Śląsk. Zagłębie najlepszej architektury. Aż 3 z 5 nominowanych do Nagrody Architektonicznej "Polityki" za 2021 r. obiektów zaprojektowano w Katowicach

Ogłoszono nominacje w jednym z najważniejszych polskich konkursów architektonicznych. Na Nagrodę Architektoniczną "Polityki" za 2021 r. ma szansę 5 obiektów. Z nich aż 2 zostały zrealizowane na Górnym Śląsku, a aż 3 zaprojektowały katowickie pracownie architektoniczne. Zobacz te inwestycje.
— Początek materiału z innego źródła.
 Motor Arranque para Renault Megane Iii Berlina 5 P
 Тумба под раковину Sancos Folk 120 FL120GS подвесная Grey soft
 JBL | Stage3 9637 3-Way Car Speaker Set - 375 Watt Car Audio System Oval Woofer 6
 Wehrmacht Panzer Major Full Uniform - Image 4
Śląsk dominuje w Nagrodzie Architektonicznej "Polityki" za 2021 rok. Aż trzy z pięciu nominacji należą do śląskich obiektów i projektantów.

Nominacje do Nagrody Architektonicznej "Polityki" ogłoszone

Tygodnik "Polityka" wręczy swoją Nagrodę Architektoniczną po raz 11.
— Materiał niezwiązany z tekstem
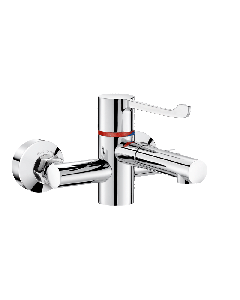 Delabie Securitherm BIOCLIP Thermostatic Sequential Mixer Tap with Removable Spout | Commercial Washrooms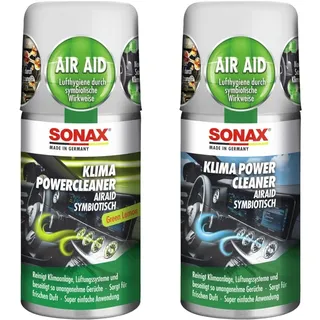 Sonax KlimaPowerCleaner Green Lemon 2 St. 100 ml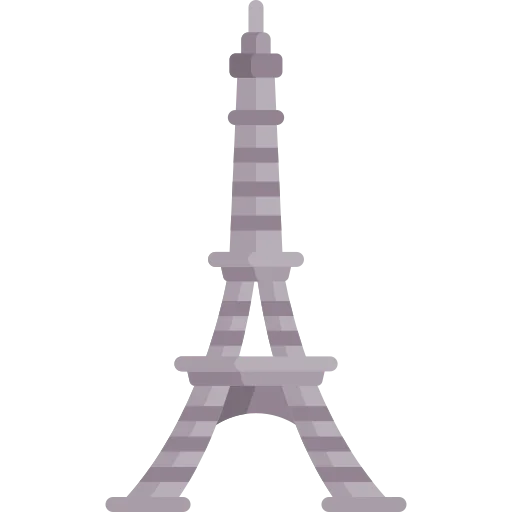 Eiffel tower Ikona
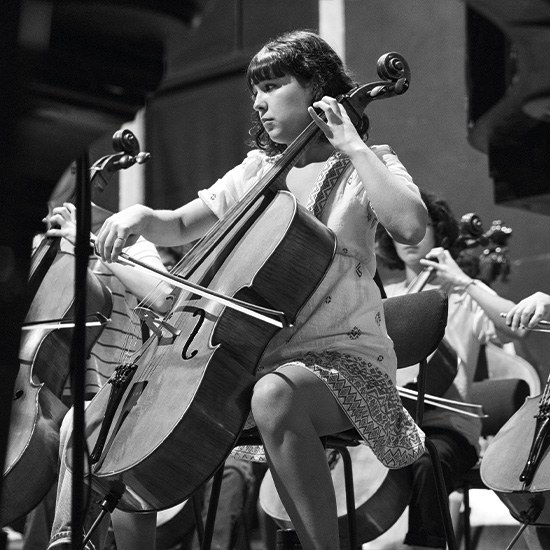 Sílvia Adolfo selecionada para a Orquestra Sinfónica Juvenil Ibero-americana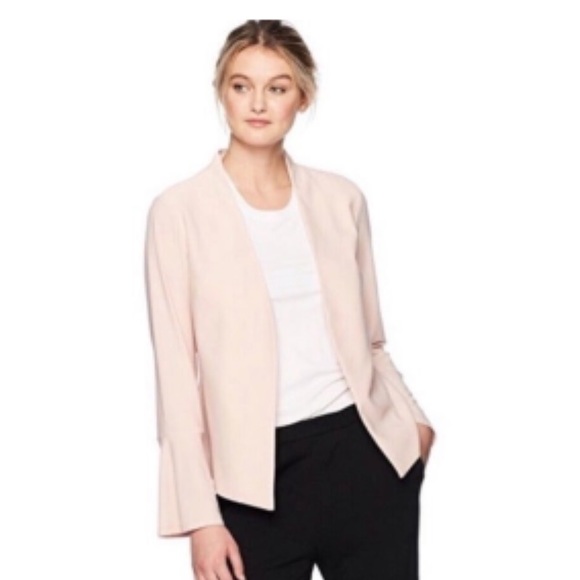 Adrianna Papell Jackets & Blazers - Adrianna Papell stunning pink bell sleeve blazer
Nominowane do finału Nagrody Architektonicznej "Polityki" za 2021 r. obiekty:

  1. Browary Warszawskie. Projekt: JEMS Architekci.
  2. From the Garden House. Projekt: KWK Promes/Robert Konieczny.
  3. Kładka pieszo-rowerowa z zapory na Wzgórze Zamkowe w Dobczycach. Projekt: Biuro Projektów Lewicki Łatak.
  4. Sala koncertowa Państwowej Szkoły Muzycznej I i II stopnia im. prof. Józefa Świdra w Jastrzębiu - Zdroju. Projekt: SLAS Architekci.
  5. Villa Reden w Chorzowie. Projekt: Frantagroup Architects/Maciej Franta.
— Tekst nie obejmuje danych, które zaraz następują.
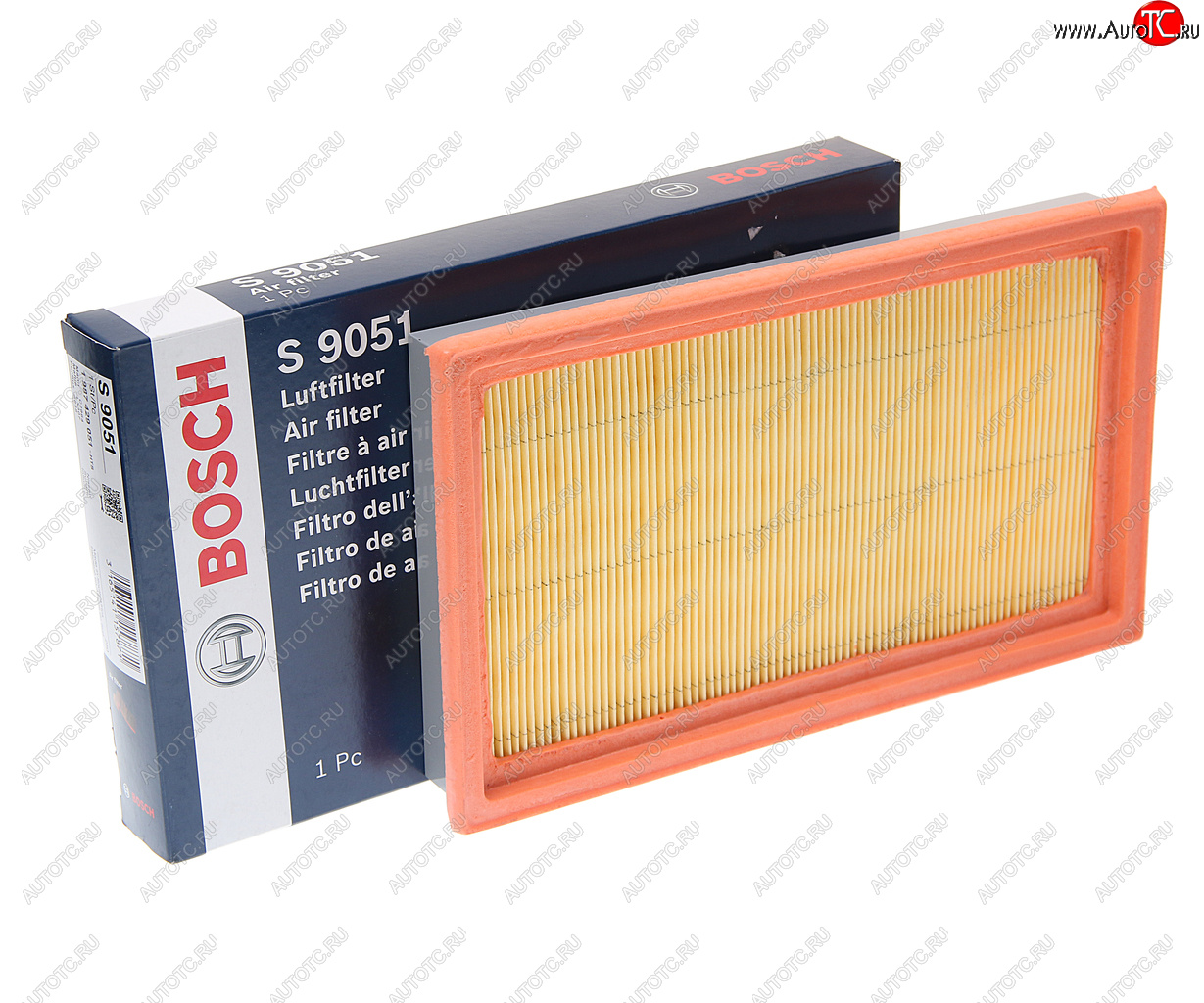649 р. Фильтр воздушный NISSAN SUBARU BOSCH BOSCH 1987429051  с доставкой в г. Майкоп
Piotr Sarzyński pisze w "Polityce": "Grono naszych finalistów okazało się w tym roku bardzo zróżnicowane. Od dużego projektu urbanistyczno-architektonicznego, przez obiekt użyteczności publicznej, budownictwo jedno- i wielorodzinne, po kameralną realizację służącą turystom. Co ciekawe, za trzema z tych projektów stoją pracownie, które w przeszłości odbierały już nasze Grand Prix: KWK Promes, Biuro Projektów Lewicki – Łatak oraz JEMS Architekci".

Laureata Grand Prix tegorocznej edycji Nagrody Architektonicznej "Polityki" wybierze jury, jednak czytelnicy wybiorą w głosowaniu internetowym laureata swojego plebiscytu. Można głosować do 24 kwietnia na www.polityka.pl/tygodnikpolityka/architektura Wyniki zostaną ogłoszone w czerwcu 2022 r.

Dom zaprojektowany jako tło dla ogrodu

Pierwszy śląski projekt w finale Nagrody Architektonicznej "Polityki" to From the Garden House, autorstwa Roberta Koniecznego i jego katowickiej pracowni KWK Promes. W tym przypadku na początku był ogród, a zadaniem architekta miało być dopasowanie się z projektowanym domem (2 tys. m2 powierzchni) do gotowego ogrodu. "Polityka" tak pisze o tym domu: Parter budynku, na zasadzie mimikry, upodobnił się do otoczenia. Jego miękkie, owalne kształty idealnie pasują do lekko wijącej się dojazdowej drogi, kształtu stawu, linii układu ogrodowych roślin. Dodatkowo zaprojektowano atrium, które swą otwartością na ogród sprawia, że obie strefy: natury i architektury przenikają się i uzupełniają. Jednak już piętro willi ma zupełnie inny charakter i pomyślane zostało nie jako przedłużenie, ale jako kontrapunkt dla całej reszty. Robert Konieczny był finalistą Nagrody Architektonicznej "Polityki" za Arkę (9. edycja konkursu) i Dom Kwadrantowy (10. edycja), zaś za Centrum Dialogu Przełomy w Szczecinie otrzymał Grand Prix (6. edycja).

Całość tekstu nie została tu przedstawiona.